Wir führen dazu keine Statistik. Aber auch hier in Diez werden entsprechende Fälle verhandelt. So hatte ein Angeklagter in einem sozialen Netzwerk öffentlich einsehbar ein Bild, das den Reichsadler mit dem Logo von Bündnis 90/Die Grünen und den Schriftzug „Grünes Reich’“ enthielt, geteilt. Zudem enthielt das Bild den Text: „Der Nazi von heute ist nicht braun, sondern grün! Sein Holocaust ist der Mord am eigenen Volk“. Dieser Angeklagte wurde im vergangenen Jahr wegen Volksverhetzung verurteilt. Das Urteil ist noch nicht rechtskräftig, zeigt aber, dass auch wir am Amtsgericht solche Fälle zu verhandeln haben.
Am Amtsgericht werden auch Straftaten verhandelt, die von Angehörigen eines Milieus begangen werden, welches noch vor zehn Jahren eine vergleichsweise geringe Rolle spielte: den Delegitimierern oder „Reichsbürgern“. Wie geht man mit einem Angeklagten um, der den ganzen Staat, auf dessen Rechtsgrundlage er angeklagt wurde, für eine Fiktion hält?

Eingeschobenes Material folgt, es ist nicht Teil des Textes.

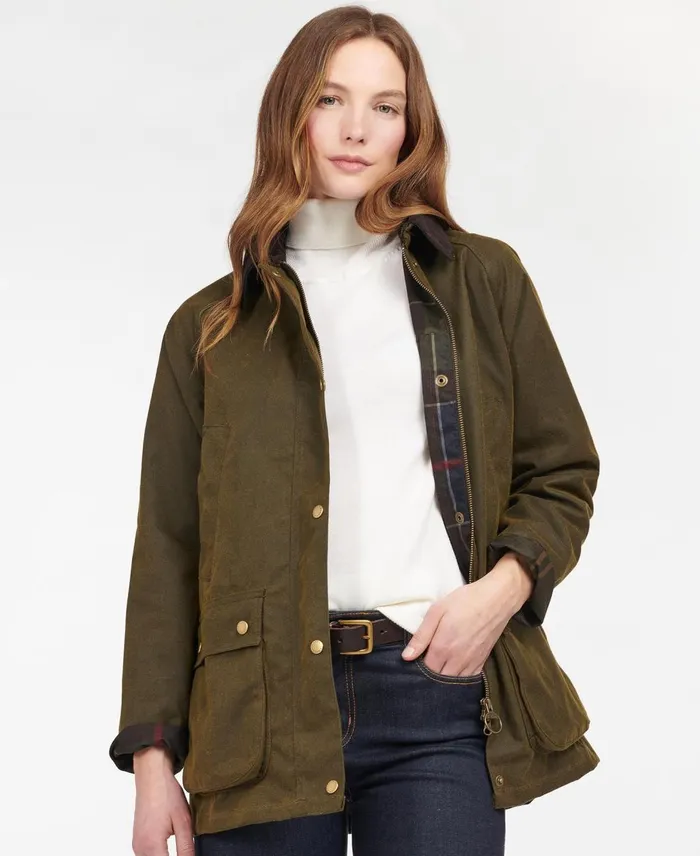 Women Waxed Jackets Barbour Acorn Waxed Cotton Jacket Olive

Indem in Strafverfahren die Strafprozessordnung konsequent angewendet wird. Die Anhänger sogenannter Reichsideologien versuchen, die Arbeit der Justiz mit vielfältigen Mitteln zu verhindern. Nichtsdestotrotz erhalten auch diese Personen ein faires Verfahren. Die Strafprozessordnung stellt uns hierfür das juristische Handwerkszeug zur Verfügung. Man kann beispielsweise sogenannte sitzungspolizeiliche Maßnahmen anordnen, um Störaktionen zu unterbinden. Zudem werden die Verfahren regelmäßig unter besonderen Sicherheitsvorkehrungen durchgeführt. Ladungen werden durch Beamte oder Gerichtsvollzieher direkt zugestellt, um einen Nachweis der Zustellung zu haben.

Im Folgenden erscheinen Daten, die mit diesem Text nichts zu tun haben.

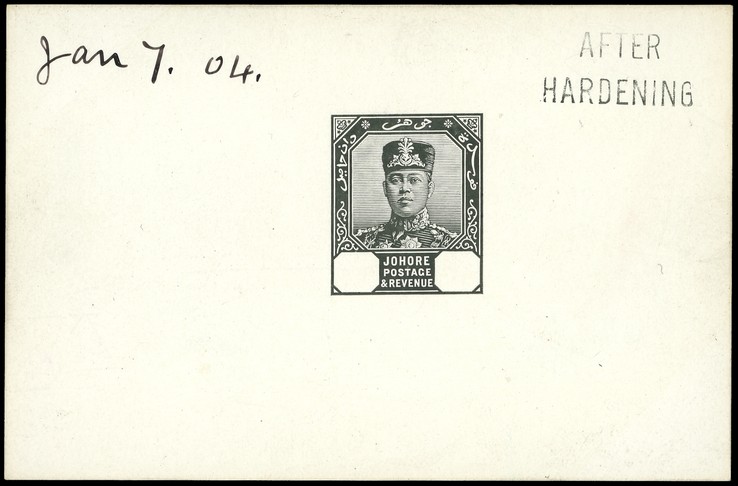 1904 series Master Die Proof in black on glazed card (92 x 60mm) with blank value tablets, marked AFTER HARDENING and...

Es gibt eine Reihe von Rechtsmythen, die sich in der Bevölkerung hartnäckig halten, wie zum Beispiel „Eltern haften für ihre Kinder“, „Unwissenheit schützt vor Strafe nicht“ oder „Aussage gegen Aussage bedeutet Freispruch“. Welche begegnet Ihnen und Ihren Kollegen bei der alltäglichen Arbeit im Gericht am häufigsten?
Es gibt viele solcher Rechtsirrtümer. Bei dem immer noch im Alltag häufig anzutreffenden Schild „Eltern haften für ihre Kinder“ geht es um die Frage, ob den Eltern eine Verletzung ihrer Aufsichtspflicht vorgeworfen werden kann. Hier am Amtsgericht werden auch Verkehrsunfälle verhandelt. Dabei hört man häufig: „Wer auffährt, hat Schuld.“ Hier kommt es aber auf den konkreten Unfallhergang an. Die Frage ist, ob der sogenannte Anscheinsbeweis, nämlich, der Auffahrende hat den Sicherheitsabstand nicht eingehalten, widerlegt werden kann.
Juristisches Halbwissen kann in diesen Bereichen durchaus gefährlich sein. Ich bin wirklich gespannt, ob wir in der Woche der Justiz auf solche populären Rechtsirrtümer angesprochen werden. Ich freue mich jedenfalls darauf, über solche Themen ins Gespräch zu kommen.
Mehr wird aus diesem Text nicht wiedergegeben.